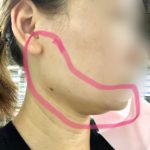 ハイフやってみた湘南美容体験談で効果は?【画像あり】HIFUは切らないフェイスリフト!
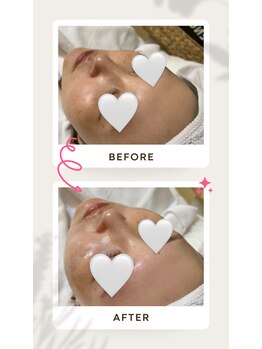 ペイジ(page)/【ララピール】before→after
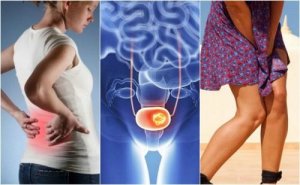 Cancerul de vezică urinară: 7 simptome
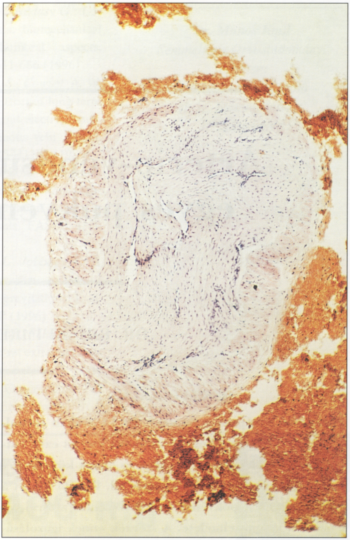 Arterio-venosus mikroshuntök egyes pókvénák hátterében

Directions for this task ->
If the material above contains pictures, exclude them from an otherwise exact transcription.

Answer to the problem ->
 ハイフやってみた湘南美容体験談で効果は?【画像あり】HIFUは切らないフェイスリフト!
 ペイジ(page)/【ララピール】before→after
 Cancerul de vezică urinară: 7 simptome
 Arterio-venosus mikroshuntök egyes pókvénák hátterében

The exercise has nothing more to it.